Consider a three-element possibility space ${\mathcal {X}}=\{x_1,x_2,x_3\}$ and the coherent lower probability ${\underline{P}}$ given by:

$$\begin{aligned} \begin{array}{r|c c c c c c} A &{} \ \{x_1\} \ {} &{} \ \{x_2\} \ {} &{} \ \{x_3\} \ {} &{} \{x_1,x_2\} &{} \{x_1,x_3\} &{} \{x_2,x_3\}\\ \hline {\underline{P}}(A) &{} \, 0.2 \, &{} \, 0.05 \, &{} \, 0.1 \, &{} 0.4 &{} 0.4 &{} 0.5\\ {\underline{P}}_\textrm{LV}^1(A) &{} 0.2 &{} 0.2 &{} 0.3 &{} 0.4 &{} 0.5 &{} 0.5\\ {\underline{P}}_\textrm{LV}^2(A) &{} 0.2 &{} 0.3 &{} 0.2 &{} 0.5 &{} 0.4 &{} 0.5 \end{array} \end{aligned}$$

It is coherent because it is the lower envelope of the probability mass functions (0.2, 0.2, 0.6), (0.2, 0.6, 0.2), (0.35, 0.05, 0.6), (0.5, 0.05, 0.45), (0.3, 0.6, 0.1) and (0.5, 0.4, 0.1). Any inner approximation ${\underline{P}}_\textrm{LV}$ of ${\underline{P}}$ in ${\mathcal {C}}_\textrm{LV}$ defined by $(P_0,\delta )$ satisfies

$$\begin{aligned} 0.7&=0.5+0.2={\underline{P}}(\{x_1\})+{\underline{P}}(\{x_2,x_3\})\le {\underline{P}}_\textrm{LV}(\{x_1\})+{\underline{P}}_\textrm{LV}(\{x_2,x_3\})\\&=(1-\delta )P_0(\{x_1\})+(1-\delta )P_0(\{x_2,x_3\})=1-\delta , \end{aligned}$$

whence $\delta \le 0.3$. Consider now $P_\textrm{LV}^1=(\nicefrac {2}{7},\nicefrac {2}{7},\nicefrac {3}{7})$ and $P_\textrm{LV}^2=(\nicefrac {2}{7},\nicefrac {3}{7},\nicefrac {2}{7})$. Together with $\delta =0.3$, they give rise to ${\underline{P}}_\textrm{LV}^{1}$ and ${\underline{P}}_\textrm{LV}^{2}$ in the table above, which are then two different elements of ${\mathcal {C}}_\textrm{LV}$ minimising the BV-distance. $\blacklozenge $

We look then for the largest $\delta >0$ such that there is some probability measure $P_0$ such that $(1-\delta )P_0(A)\ge {\underline{P}}(A)$, or equivalently, $P_0(A)\ge \frac{{\underline{P}}(A)}{1-\delta }$ for any $A\subset {\mathcal {X}}$. Thus, if for some fixed $\delta \in (0,1)$ we define ${\underline{Q}}^{\delta }_\textrm{LV}$ as

$$\begin{aligned} {\underline{Q}}^{\delta }_\textrm{LV}(A)= \frac{{\underline{P}}(A)}{1-\delta } \ \text{ if } \ A\ne {\mathcal {X}}, \ \text{ and } \ {\underline{Q}}^{\delta }_\textrm{LV}({\mathcal {X}})=1 \end{aligned}$$

(5)

it is equivalent to look for the largest $\delta $ such that ${\mathcal {M}}({\underline{Q}}^{\delta }_\textrm{LV})\ne \emptyset $, i.e., the largest $\delta $ such that ${\underline{Q}}^{\delta }_\textrm{LV}$ avoids sure loss.
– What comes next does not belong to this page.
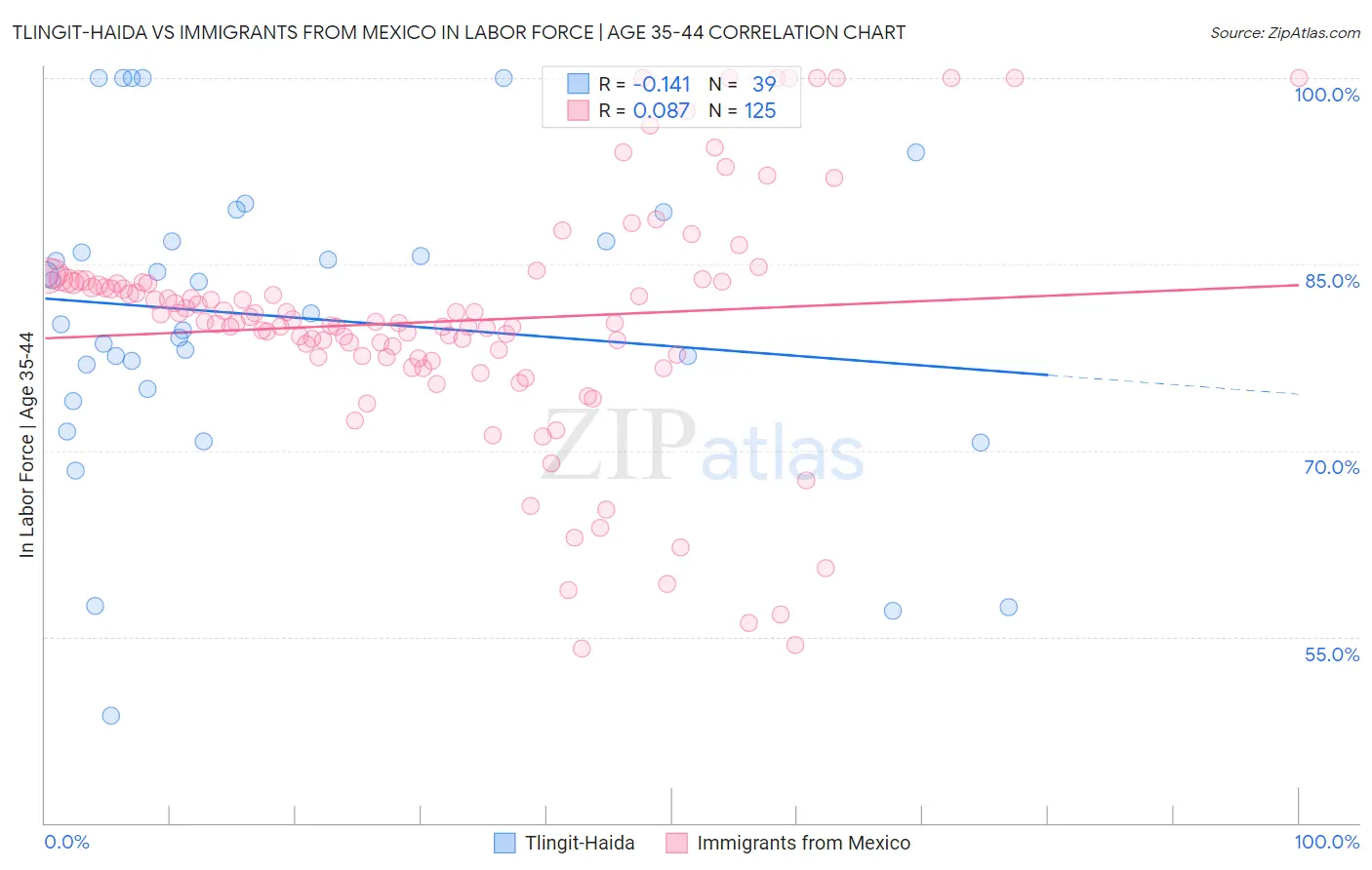 Tlingit-Haida vs Immigrants from Mexico In Labor Force | Age 35-44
Consider the following set:

$$\begin{aligned} \Lambda _\textrm{LV}=\left\{ \delta \in (0,1)\mid {\mathcal {M}}\big ({\underline{Q}}^{\delta }_\textrm{LV}\big )\ne \emptyset \right\} . \end{aligned}$$

(6)

$\Lambda _\textrm{LV}$ contains all the distortion parameters for which it is possible to find a linear vacuous model inner approximating ${\underline{P}}$. Proposition 6 tells us that $\Lambda _\textrm{LV}$ is non-empty if and only if ${\underline{P}}$ is maximally imprecise. $\Lambda _\textrm{LV}$ is also a directed set:

$$\begin{aligned} \delta _1<\delta _2\Rightarrow 1-\delta _1>1-\delta _2\Rightarrow \frac{1}{1-\delta _1}<\frac{1}{1-\delta _2}\Rightarrow {\underline{Q}}^{\delta _1}_\textrm{LV}(A)<{\underline{Q}}^{\delta _2}_\textrm{LV}(A) \end{aligned}$$

for any $A\ne \emptyset ,{\mathcal {X}}$, meaning that ${\mathcal {M}}\big ({\underline{Q}}^{\delta _1}_\textrm{LV}\big )\supset {\mathcal {M}}\big ({\underline{Q}}^{\delta _2}_\textrm{LV}\big )$. Our next result shows that $\Lambda _\textrm{LV}$ has a maximum.

Proposition 7

Let ${\underline{P}}$ be a maximally imprecise coherent lower probability. Then, the set $\Lambda _\textrm{LV}$ defined in Eq. (6) has a maximum value $\delta _\textrm{LV}$.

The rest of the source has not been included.